National Academy of Inventors Honors UT Dallas Professors
Dr. Ray Baughman
Two distinguished researchers at The University of Texas at Dallas were recently named Fellows of the National Academy of Inventors.
They are Dr. Ray Baughman, the Robert A. Welch Professor of Chemistry and director of the Alan G. MacDiarmid NanoTech Institute, and Dr. Kaushik Rajashekara, professor of electrical engineering and mechanical engineering and Distinguished Chair of Engineering.
The UT Dallas honorees join 168 leaders of invention and innovation who were named Fellows in December. The 2015 Fellows account for 5,368 issued U.S. patents, bringing the collective patents held by all of the academy's 582 Fellows to more than 20,000.
In the past five years, UT Dallas has had 71 patents issued, 63 U.S. patents and eight foreign patents.
Both Baughman and Rajashekara spent many years in industry before joining the UT Dallas faculty.
Dr. Kaushik Rajashekara
After earning his PhD in materials science from Harvard University, Baughman spent 31 years with Honeywell and came to UT Dallas in 2001. His inventions with various colleagues have provided vaccine potency indicators that have saved lives in the underdeveloped world, as well as artificial muscles and carbon nanotube sheets and yarns that are being commercially developed by licensees for diverse applications. He has 72 issued U.S. patents.

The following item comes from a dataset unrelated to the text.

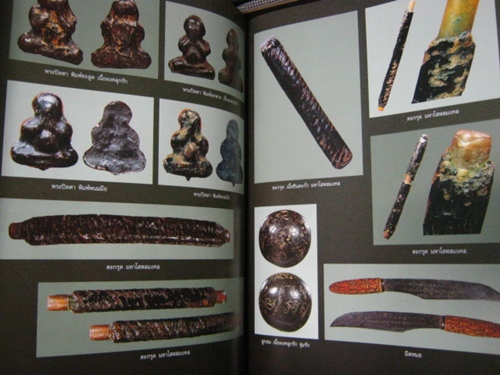 หนังสือ 108คณาจารย์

For one of his inventions — artificial muscles made from ordinary fishing line — Baughman and industry partner Lintec of America were recently gold winners of the Market Disruptor Product Special Recognition Award from R&D Magazine.
Baughman is a member of the National Academy of Engineering and The Academy of Medicine, Engineering and Science of Texas; a foreign member of the European Academy of Sciences; a Fellow of the Royal Society of Chemistry and the American Physical Society; an Academician of the Russian Academy of Natural Sciences; an honorary professor of six universities in China; and is on editorial or advisory boards of Science and other journals.

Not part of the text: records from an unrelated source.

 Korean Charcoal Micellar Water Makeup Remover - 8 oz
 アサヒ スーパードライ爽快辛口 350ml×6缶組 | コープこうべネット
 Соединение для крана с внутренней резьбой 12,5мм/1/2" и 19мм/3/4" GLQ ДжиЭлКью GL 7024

Rajashekara earned his bachelor's, master's and doctoral degrees from the Indian Institute of Science in Bangalore, and an MBA from Indiana Wesleyan University. He joined UT Dallas after several years with companies such as Asea Brown Boveri, General Motors Co. and Rolls-Royce Corp.
Working in the field of power electronics, he has created propulsion systems in automobiles, airplanes and industrial applications that run more efficiently, producing fewer emissions and using fewer natural resources. He was the lead engineer on power electronics for the propulsion system for GM EV1, the first electric vehicle that was commercially available in the United States.

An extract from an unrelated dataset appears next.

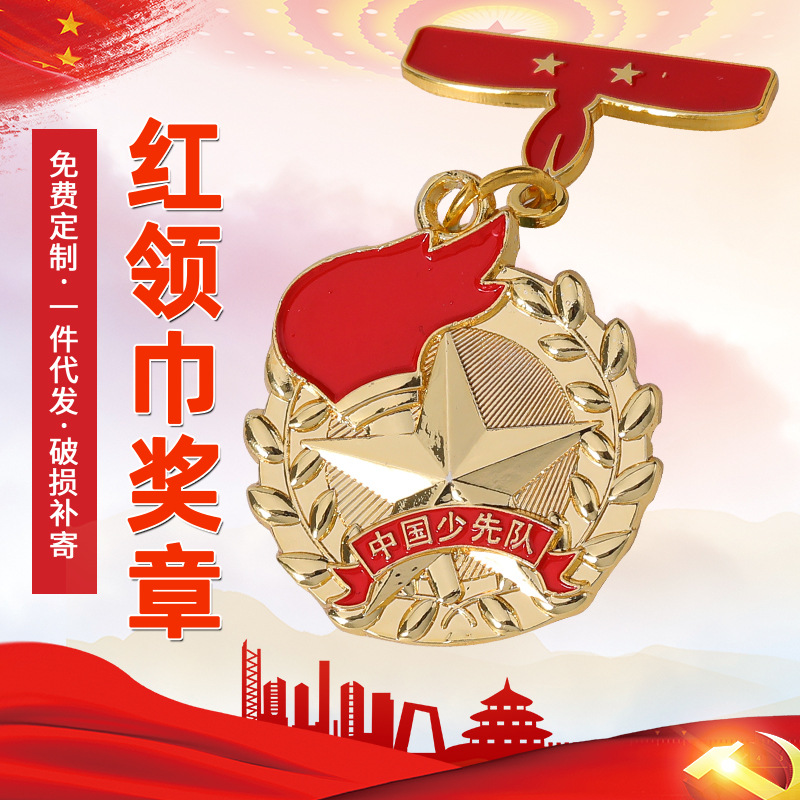 红领巾奖章徽章现货 别针式奖章学生红领巾奖章批发 可定奖牌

Rajashekara is a Fellow of the Institute of Electrical and Electronics Engineers and the National Academy of Engineering. His contributions have earned numerous awards, including induction into the Delphi Innovation Hall of Fame, the 2006 Gerald Kliman Innovator Award, 2009 IEEE Industry Applications Society Outstanding Achievement Award and 2013 IEEE Richard Harold Kaufmann Award.